Verkorkster Testtag für Vettel und Ferrari

Beim GP von Bahrain war Ferrari mit Sebastian Vettel noch der strahlende Sieger, die anschließenden Tests auf der Wüstenstrecke verliefen für das italienische Team dagegen eher holprig.

Vettel: Stundenlanges Warten in der Box

Wegen eines Öllecks an seinem Boliden sowie eines Stromausfalls in der Ferrari-Garage war der 29-Jährige auch am abschließenden zweiten Testtag mehrere Stunden zum Zuschauen verdammt. "Natürlich wäre ich gerne mehr gefahren", sagte Vettel, der am Dienstag wegen eines Motorentauschs an seiner 'Gina' Überstunden gemacht hatte: "Die Zeiten bedeuten aber nicht viel. Niemand weiß, welche Programme die anderen gefahren sind."

Bottas Tageschnellster auf dem Sakhir-Circuit

Die Tagesbestzeit setzte Mercedes-Pilot Valtteri Bottas (FIN) in 1:31,280 Minuten. Vettel  erreichte mit 0,294 Sekunden Rückstand bei seiner besten von 64 Runden (Bottas: 143) den 2. Rang. Pascal Wehrlein, der die ersten beiden Rennen wegen Trainingsrückstands verpasst hatte, drehte in seinem Sauber 91 Runden und legte damit fast eine doppelte Renndistanz zurück. Mit 3,182 Sekunden Rückstand auf die Spitze belegte der 22-Jährige den 11. Rang unter zwölf Fahrern.

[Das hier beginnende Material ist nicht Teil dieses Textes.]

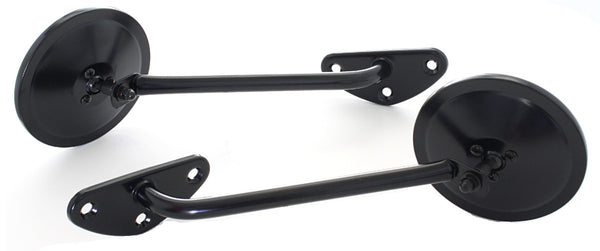 67-72 Chevy Truck Driver / Passenger Side View Black Round Door Mirrors & Arms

Das von Pleiten, Pech und Pannen geschüttelte Traditionsteam McLaren-Honda kommt allmählich in Fahrt. Der belgische Stammfahrer Stoffel Vandoorne drehte mit neuen Antriebskomponenten 91 Runden und war als Vierter bei seiner besten Runde nur 0,828 Sekunden langsamer als Bottas.

Die nächsten Testfahrten finden im Anschluss an den Großen Preis von Ungarn Ende Juli auf dem Hungaroring statt.